IT Candidate Selection: Here's How to Narrow Your List to the Final Three

IT Candidate Selection: Here's How to Narrow Your List to the Final Three

The candidate selection process isn't easy — just ask those trying to fill in-demand positions such as data scientist or web developer.

Not all tech positions are as challenging to fill, but no matter what job you're hiring for there comes a point in the candidate selection process when you have to make your top choices for an in-person interview.

Use our Salary Calculator to find out what starting salary to offer your final candidate.

Here are some candidate selection tips to narrow the field down to the top three IT candidates:

1. Tally up their qualifications. The job description in the employment ad should list all the required and preferred qualifications the applicant should possess; use that as a guideline for candidate selection. Make a list of the educational level, years of experience and technical skills needed for the open position. Review the applicants’ materials alongside your list, and check off all the must-haves and nice-to-haves that each person fulfills. This process will leave you with a clear visual representation of the most qualified IT candidates, based on their applications. Take the top 40 or 50 percent of IT candidates from that list.

2. Assess their soft skills. Today’s IT professionals need more than technical abilities to succeed in their jobs. So, the next step in your candidate selection process should be a preliminary evaluation of the applicants’ nontechnical abilities. You won’t be able to get a full picture of a potential hire’s interpersonal skills from words on paper, of course. But one thing you can assess is the all-important written communication skill.

Are both the cover letter and resume well organized and easy to read? Are they free of typos and other errors? Poorly written applications show a lack of attention to detail (and could be an indicator of how IT candidates might approach their technical work). Also, did the applicant address the letter to you personally, even though your name wasn’t on the job posting? This could demonstrate initiative.

A cover letter’s content and overall tone also can shed some insight as to whether a candidate would be a good fit for your corporate culture. Is the letter stiff and formulaic, or is it appropriately respectful and engaging? After reading it, do you have a better picture of the person who might become your employee?

3. Examine their work history. Pay close attention to resume red flags, such as how long a candidate has held previous positions. You want employees who are driven to succeed, but a history of job-hopping every six months could be a sign that a candidate is undependable or unable to commit.

Also, take note of any extended periods of unemployment, but don’t assume the worst.

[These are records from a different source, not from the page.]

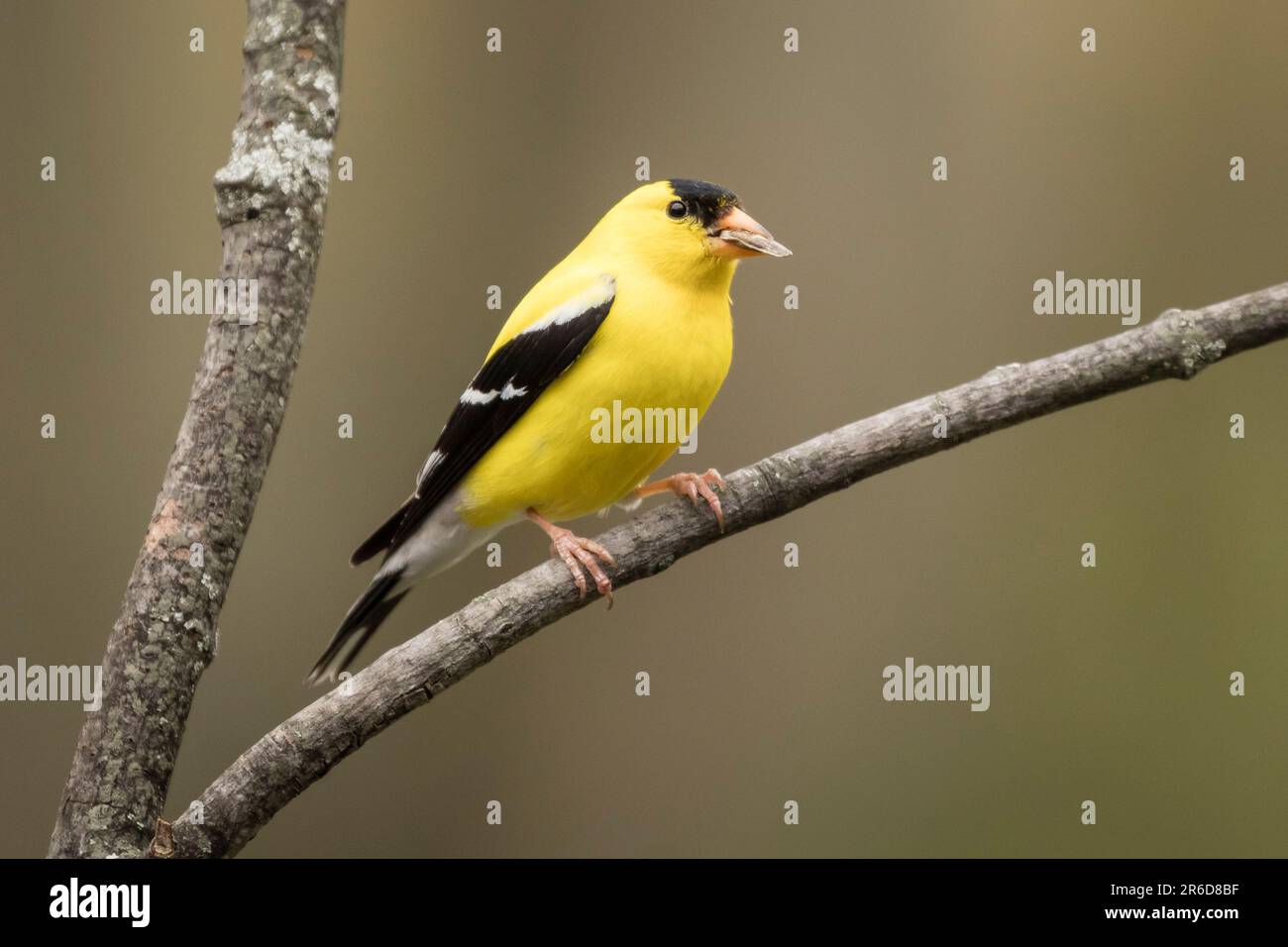 Goldfinch assis sur une branche. Banque D'Images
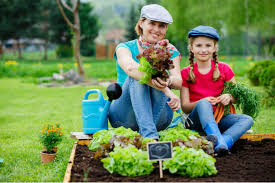 Flowers to grow with vegetables. How To Grow Vegetables And Flowers Together Pineca Com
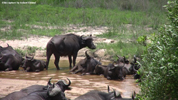 Kruger Buffalos 02
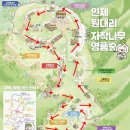 롯데리아분평점 이미지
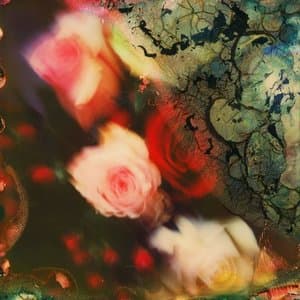 Photos from the Flood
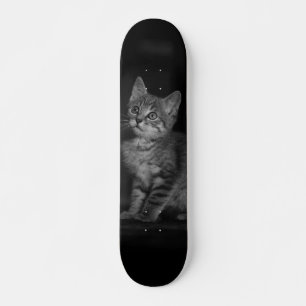 Skateboard Kitten précieux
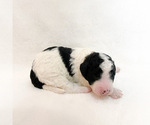 Puppy 2 Bernedoodle-Poodle (Miniature) Mix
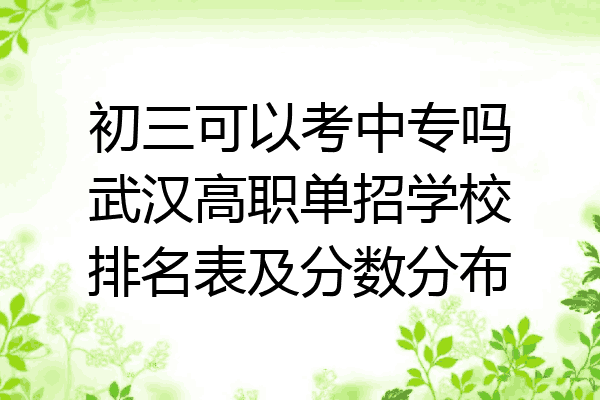 初三可以考中专吗武汉高职单招学校排名表及分数分布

There are many valid personal and professional reasons why a technology candidate has one or more lengthy gaps in their full-time work history. Just consider how uncertain working in tech can be: It’s possible an IT professional simply had a run of bad luck working for startups that never took off. So, be sure to give otherwise stellar IT candidates a chance to explain any significant employment gaps.

4. Make initial contact. Once you’ve whittled the list of potential hires to less than 10, reach out to each applicant through a phone screen interview. Schedule these interviews via email to get an idea of their response time as well as another look at their communication style.

One hiring trend is to conduct a phone interview without advance notice, but this tactic isn’t really fair to IT candidates. You don’t want to write off qualified applicants just because you catch them at a bad time and they aren’t fully prepared to speak with you.

During the phone interview, pay attention to how candidates present themselves. Do they seem engaged? Is their tone enthusiastic and friendly? Do you get the sense that they have a personality that would complement your team?

Also, be sure to keep the questions consistent across phone interviews so you can easily compare the responses of all the IT candidates you’re considering.

By following these four steps, you can make the IT candidate selection process easier. Once you narrow down the field of applicants to the top three IT specialists, you'll invite them for in-person interviews.

Being systematic about the candidate selection process can help avoid a bad hire, and puts you on the path to finding the right team member to help your organization innovate and grow.